El verano de 2023 volvió a encender las alarmas medioambientales en La Araucanía. Más de 25 mil hectáreas de bosques y plantaciones fueron arrasadas por incendios forestales que, si bien no alcanzaron los niveles de catástrofe de años anteriores, sí dejaron un saldo devastador para comunidades rurales, fauna nativa y pequeñas economías locales.
Especialistas del Instituto Forestal de Chile (INFOR) advirtieron que los monocultivos de pino y eucalipto, sumados a la sequía prolongada y la falta de cortafuegos eficaces, han creado una “tormenta perfecta” para la propagación del fuego. A esto se suma el impacto del cambio climático, que ha extendido la temporada de incendios y ha intensificado su poder destructivo.

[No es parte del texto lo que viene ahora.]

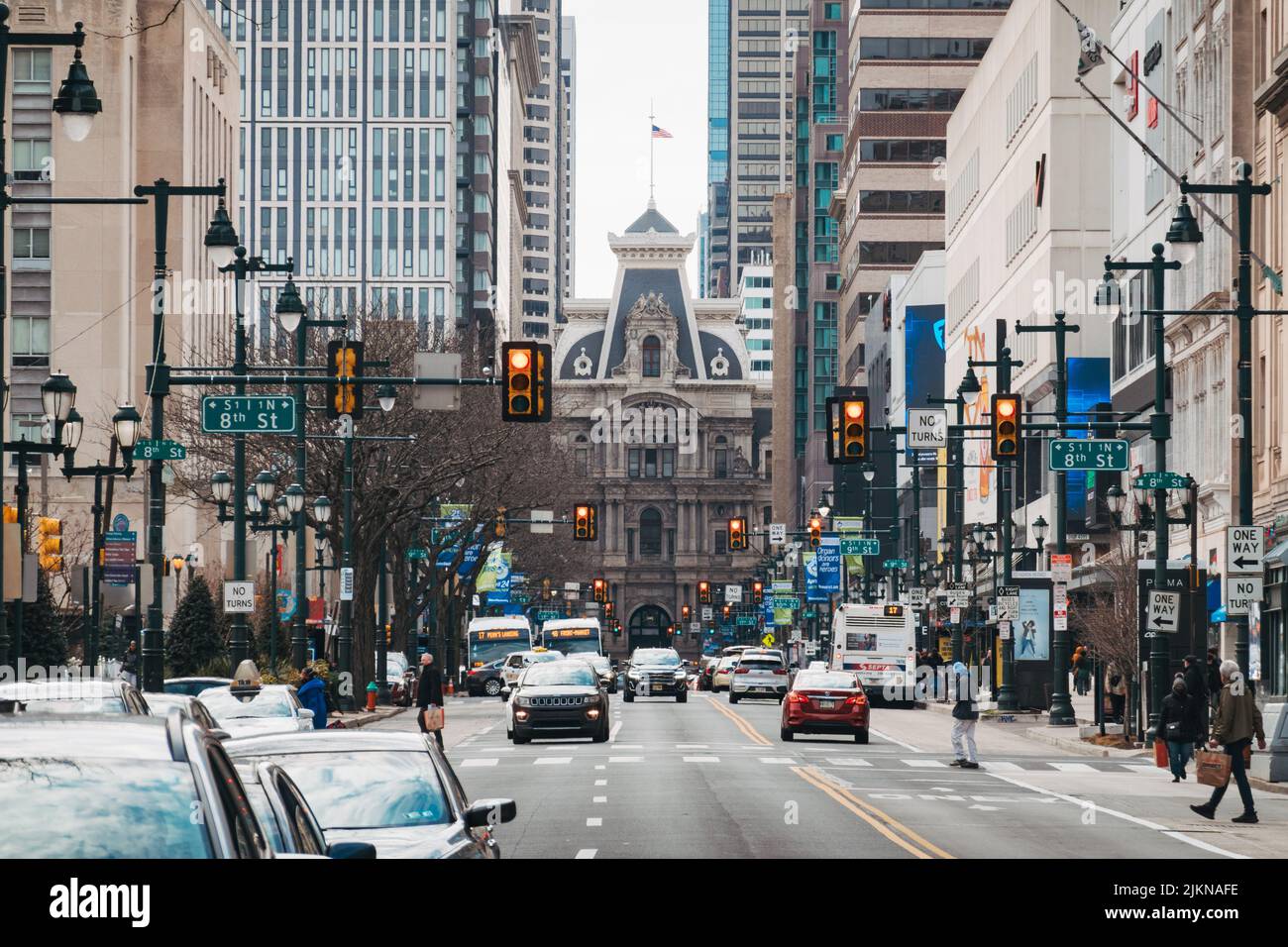 Il lato orientale del Municipio di Philadelphia visto da Market Street Foto Stock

Desde el Gobierno Regional se destinaron más de $6 mil millones a brigadas y equipos aéreos, pero la prevención estructural sigue siendo débil. Comunidades mapuche y organizaciones ecologistas exigieron un giro en el modelo forestal predominante en la región, señalando que el negocio maderero no solo intensifica los riesgos, sino que ha empobrecido los suelos y desplazado la biodiversidad.

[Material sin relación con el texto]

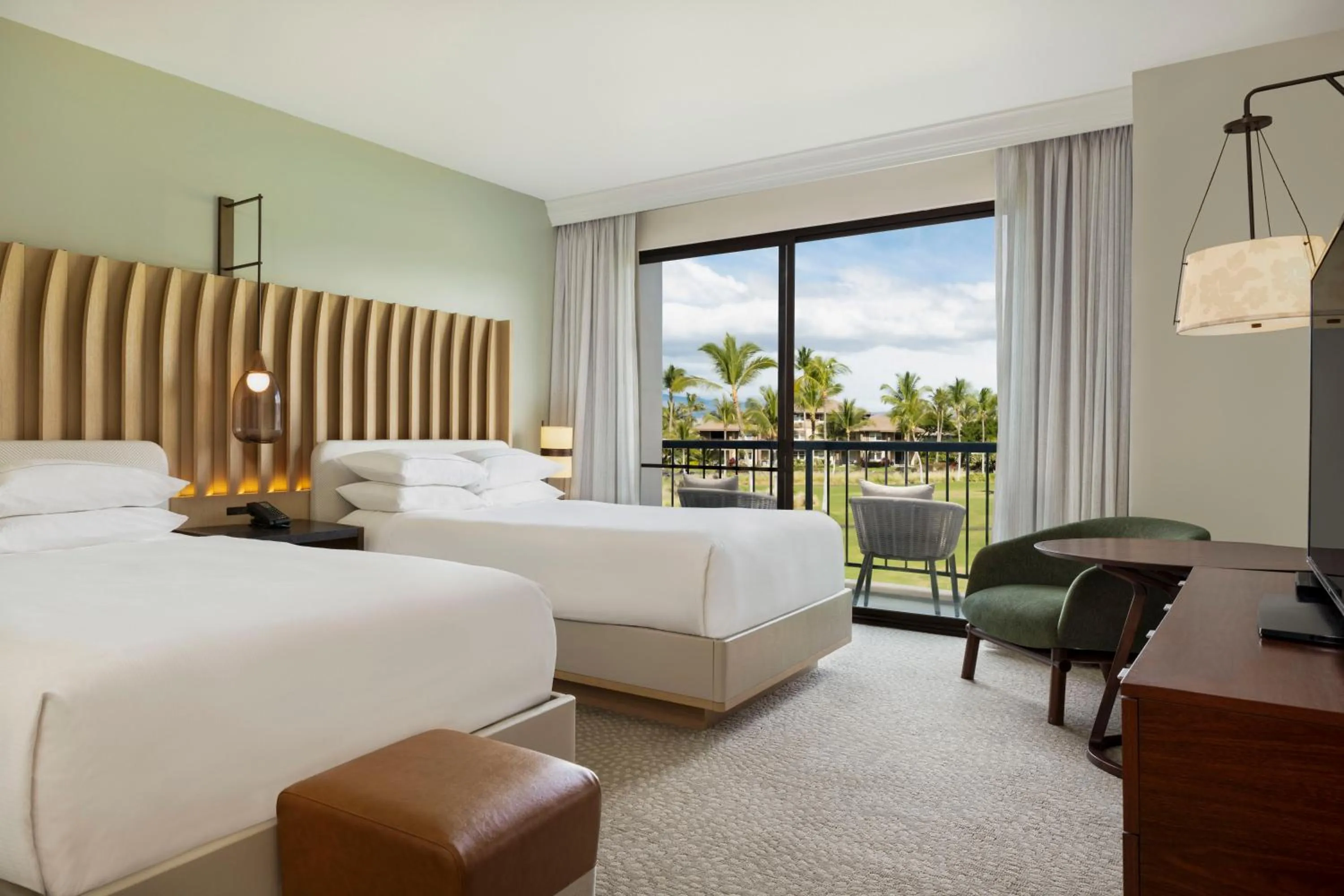 Bed in Hilton Waikoloa Village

Los incendios también dejaron al descubierto una brecha de coordinación entre instituciones públicas, empresas forestales y comunidades locales. En sectores como Lumaco y Galvarino, vecinos denunciaron abandono y lentitud en las respuestas.
Si bien la CONAF prometió rediseñar sus planes preventivos para el próximo año, lo cierto es que, sin una revisión profunda del modelo forestal y sin una mayor participación de los territorios, la amenaza del fuego seguirá siendo una constante.